Efficient power, performance and thermal aware strategies over heterogeneous platforms
Document typeMaster thesis
Rights accessOpen Access
Resource Management is a widely studied field in computer science and of utmost importance for the adequate operation of data center infrastructures. Efficient resource management policies enable to improve the energy consumption of these facilities, thus reducing operational costs. Furthermore, in High Performance Computing (HPC) environment, as is the case of the MANGO H2020 project, allow to improve performance and execution time of applications. The main objective of this project is the design, implementation and test of a resource manager able to allocate incoming applications to the different servers of the data center, while providing the necessary tools to deploy power, performance and thermal aware policies over an heterogeneous cluster. This cluster, will be composed by regular Intel based servers and FPGA based accelerators. The resource manager will work as a single entry point for all the applications involved in MANGO project.
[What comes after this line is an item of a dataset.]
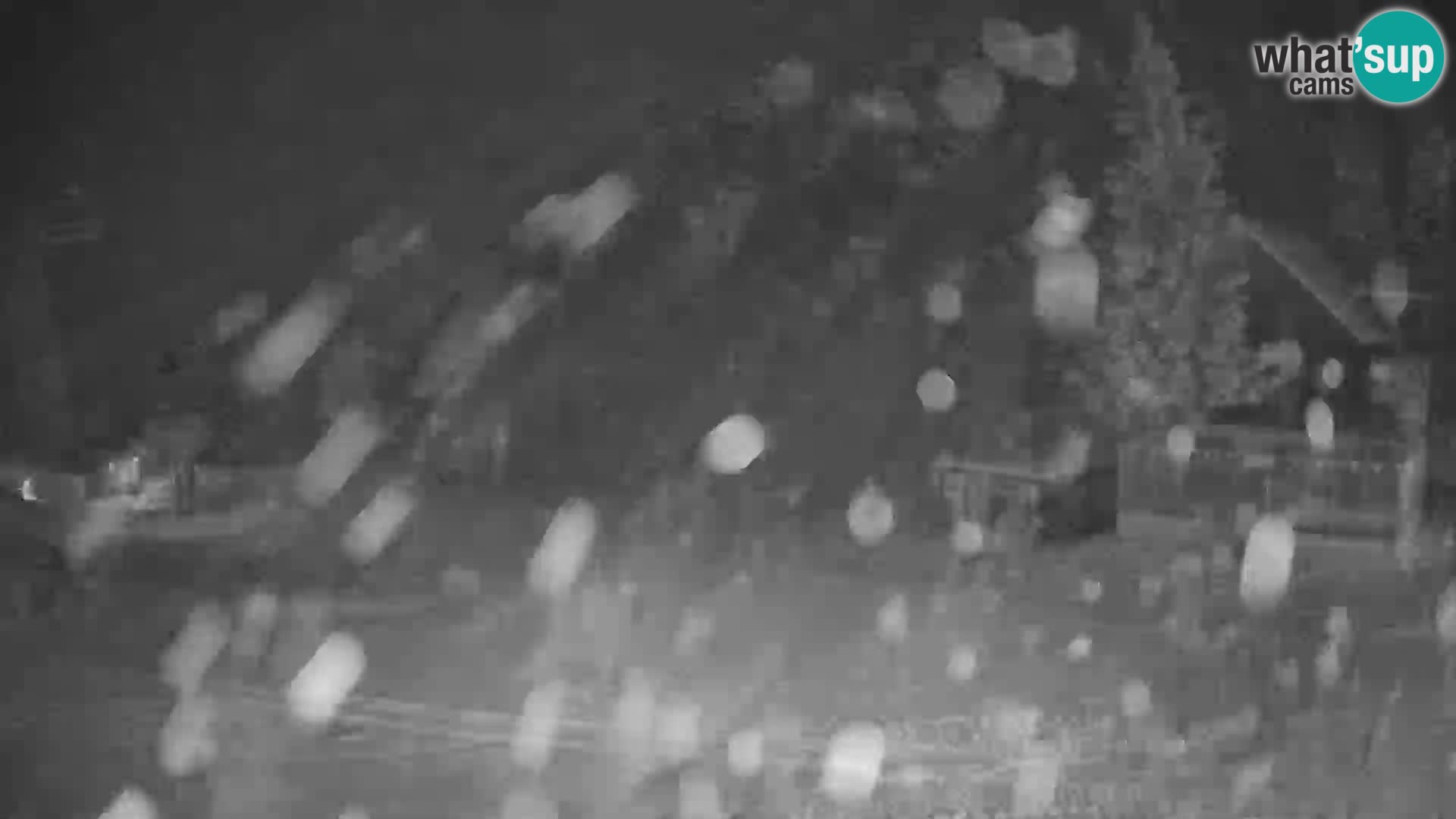 GOLTE Skigebiet webcam – Schöne Aussicht auf Medvedjak – Slowenien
By the end of the project, we have shown how applying simple yet effective allocation policies without controlling fine grain accelerators and with and overview of the system it is possible to improve performance by 10% by lowering power and temperature and reducing the above mentioned operational costs. The resource management tool developed in this MSc thesis has been deployed in a real prototype infrastructure composed by 8 and 128 FPGAs.
This project aims the implementation of efficient resource manager strategies in a local platform which includes a server and a FPGA and a testing phase where the implementation will be deployed over a 16 server cluster with 16 FPGA each. In order to achieve optimal solutions a resource manager (SLURM) in addition to other services will be deployed as first step. This other services will conform all the necessary plugins to connect SLURM with the current local resource manager.